Modern Mercurial

Antoine Cezar, Raphaël Gomès
2020-11-26

General perception

Mercurial draws a wide range of opinions from its users, both former and current, and even from those who have not tried it yet. Such opinions range from "it's super easy, way simpler to use than Git" to "it's slow and the UX sucks", along with "Mercurial? Isn't it dead?" and "It's not on Github" and the (usually) more quiet "I like the features" and "it scales very well".

Like with most technical discussions, whether any opinion is "right" really depends on who you ask.

In the case of 15 year-old software like Mercurial, when you've asked a particular question is important, as things may have changed from when you last made up your mind. Your workflow might not be well supported, the tools you need might not exist... you might also just not like it.

Our goal with this article is to re-state some of the evolutions that Mercurial has seen over the past few years and to review some of its strong points and weaknesses.

Hopefully, you come out of this read with more up-to-date information to help you take informed decisions about the tools you're using.

Current state of affairs

Phases

Phases have been introduced to Mercurial in version 2.1 (2012) and have become one of its central workflow features.

Every changeset (or "commit") is in one of three phases: public, draft or secret.

By default, when you commit something, it's in the draft phase; that means that you can change it, move it in history and even delete it using any of the many history-rewriting commands in Mercurial (more on that later). The public phase is meant to make changesets immutable: once they're public, you cannot change anything about them, all rewriting commands will abort when used on a public changeset.

This is useful as a project management tool, much like you would use protected branches in forges such as GitLab, but built-in to your VCS and more granular. You communicate to all other contributors that these changes can be relied on for future work, your CI will not fail because your hash does not exist anymore, etc. This means that this additional protections is preventive, and saves you time in the long run.

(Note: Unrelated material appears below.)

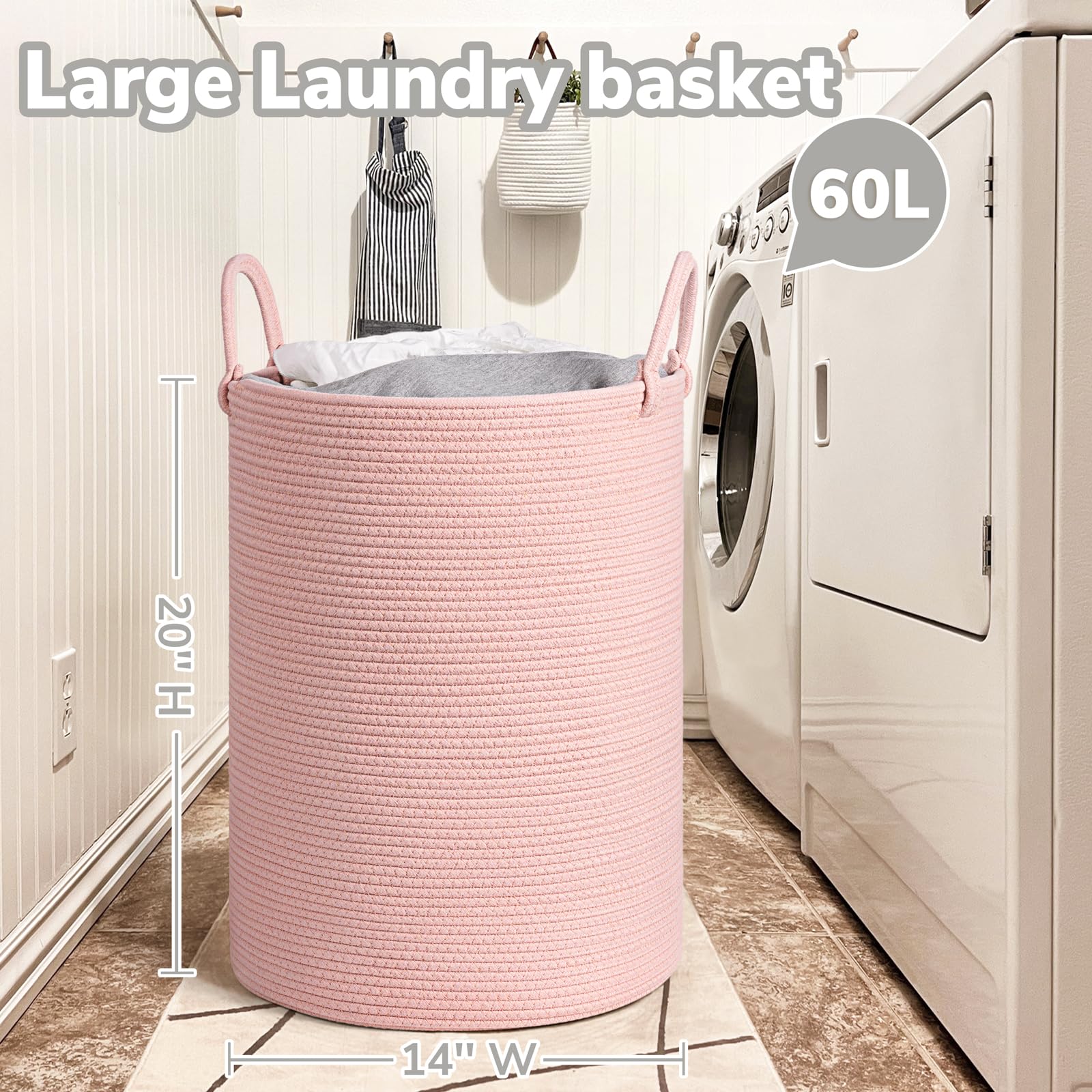 INDRESSME Pink Laundry Basket for Girls & Kids - Woven Rope Storage Hamper for Nursery, Bedroom & Living Room - Tall Toy & Blanket Organizer Bin (19.7 x 13.8 Inches) - Perfect for Kids' Room Decor, Clothes Storage & Playroom Organization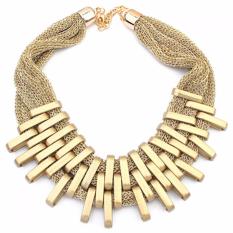 Vienna Linz Kalung Wanita Pesta Europe American Jewelry Etnik Fashion Necklace Glamour Mewah Women Fashion Accessories Short for Party Kerja Hijab Aksesoris Perhiasan Neckle Charming Menawan - Gold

The secret phase is simply useful to commit changes that you do not want to share, like local config files for example.

Distributed history rewriting

Because Mercurial is a distributed tool, whenever you rewrite history (change the contents, move changesets around, etc.), you run into the risk of conflicting with or erasing the work of other people.

Users of other DVCS usually come up with rules (be they enforced by humans or through an ad-hoc permissions system) to prevent the pitfalls of concurrent editing.

Mercurial takes a different approach that, to our knowledge, is unique among DVCS: distributed history rewriting should not only be possible, but safe and with very little friction.

Enter "Changeset Evolution": Mercurial keeps records of every operation you've made on your history and shares them along with the standard history. This enables automated conflict resolution when sharing history, turning a usually very tedious task into a simple one-command fix. The core concept was introduced in the evolve extension and subsequently integrated in Mercurial itself. Some commands and experimental features still reside in evolve where they can be iterated on and changed faster according to user feedback.

Old commands and extensions have been ported years ago to use the new mechanism like the standard rebase, histedit (similar to Git's interactive rebase) and absorb, if evolve is detected. This last one is a tool that automatically finds where to amend the different bits of your working directory into the right changesets and does so interactively.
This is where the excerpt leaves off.